The other day I was casually doomscrolling Facebook when my thumb landed on a New Yorker article about the San Francisco Board of Education renaming 44 public schools that honor historical figures with ties to slavery, racism, oppression or the subjugation of human beings.
The article includes an interview with the president of the board, Gabriela Lopez, who defends the decision by emphasizing that the list of schools is merely a work in progress and their main objective is to create an open dialogue about the complicated history of the U.S. Her delivery was muddled, though. Any valid point she made was lost in a word salad of regurgitated sound bites and the critical tone of the interviewer, whose disdain for the panel that selected the problematic names, which did not include a historian or anyone to provide accurate research, was palpable throughout the article.
Since the Board of Education still hasn’t determined when kids will be able to return to classes, it’s hard not to agree with detractors that the announcement comes off as a tone-deaf display of extreme cancel culture.
When the story first came out at the end of January, it set off a firestorm of vitriol on Facebook groups devoted to San Francisco, where members, outraged over the proposed changes, called it an attack on the history of The City, as well as their personal histories.
While there has been no discussion on whether the streets that commemorate these newly vilified figures will also be renamed, it makes you wonder, what good is changing the names on schools when the offensive nomenclatures are still being advertised on street signs all over The City?
On streets like Lincoln Way, that runs along the park from Arguello to the Great Highway. Or Webster Street, which stretches halfway across The City from The Mint to the Marina. Washington would have to go too. Not to mention all the other streets whose namesakes are guilty of oppression. Of course, Jackson Street would have to be at the top of the list.
This wouldn’t be the first time San Francisco went through a major name change.
In 1909, a panel was assembled to deal with the confusing street names that were hastily conceived during the boom years that followed the Gold Rush as The City grew faster than they could think of what to name all the new thoroughfares.

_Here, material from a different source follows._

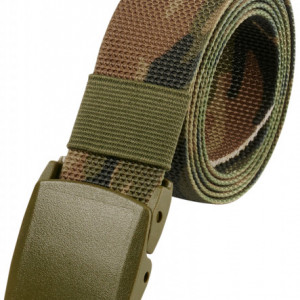 Belt fast closure black one size - Img 5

Which is how San Francisco ended up with three sets of numbered streets.
The people of San Francisco vehemently protested the suggested changes.

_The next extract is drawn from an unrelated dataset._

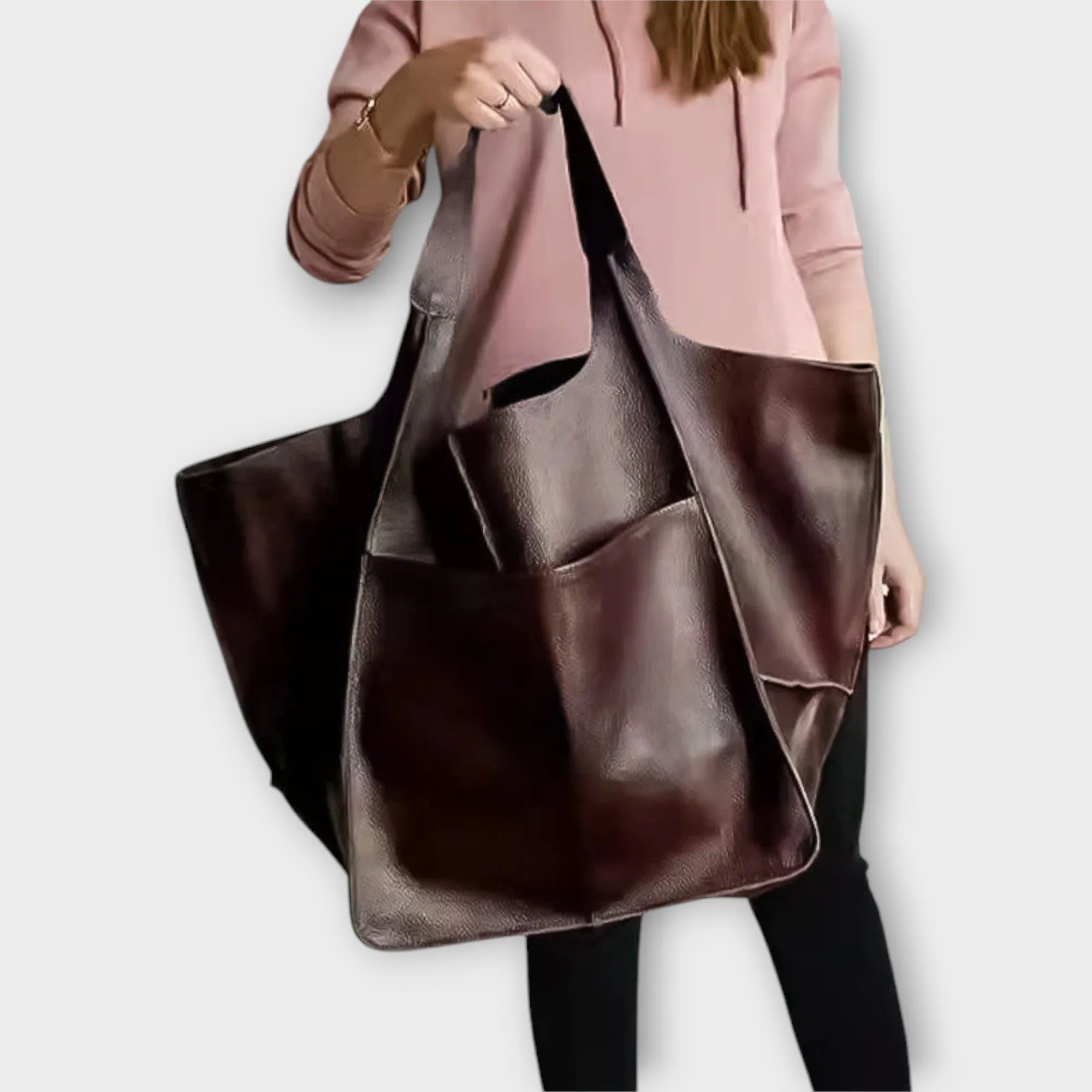 Louise | Oversize Weekender Bag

Residents in the Richmond and Sunset districts were especially outraged to have their streets named after Spanish generals and explorers. They argued that it would lead to the areas being referred to as “Spanish Town.” Since the Spanish-American war had just ended a decade earlier, with the U.S. victory memorialized in the center of Union Square by the Dewey Monument, it only makes sense that they wouldn’t have wanted to be associated with Spain.
In the burgeoning southern part of The City, local officials fought tooth and nail to ensure the names aligned with their Christianity and Irish heritage, rejecting any name that didn’t meet their criteria.
Eventually, compromises were reached, and the streets were given names they considered respectable and honorable. For the time period.
Since then, our criteria for what’s respectable and honorable has changed.
The history of San Francisco is one of constant transformation from its humble origins as Yerba Buena to a boom town during the Gold Rush to a pile of rubble to the financial center of the West and a glistening metropolis admired worldwide.
Along the way, names have come and gone. Whether on buildings, bridges or streets. Some born out of prejudice. Like in the wake of the Chinese Exclusion Act in 1907 when Japan Street in the Excelsior was changed to Avalon Avenue. Around the same time, China Street had been renamed to avoid negative attitudes of the time.
Recently, Phelan Avenue became Frida Kahlo Way. Before that, Justin Herman Plaza was renamed Embarcadero Plaza.
In the 1990s, Army Street was widened and rechristened Cesar Chavez, in honor of the civil rights leader and the changing demographics in the Mission.
Change is usually met with resistance. But perhaps with an open dialogue, compromises can be reached again this time. Maybe they’ll even that satisfy a diverse population like that of San Francisco.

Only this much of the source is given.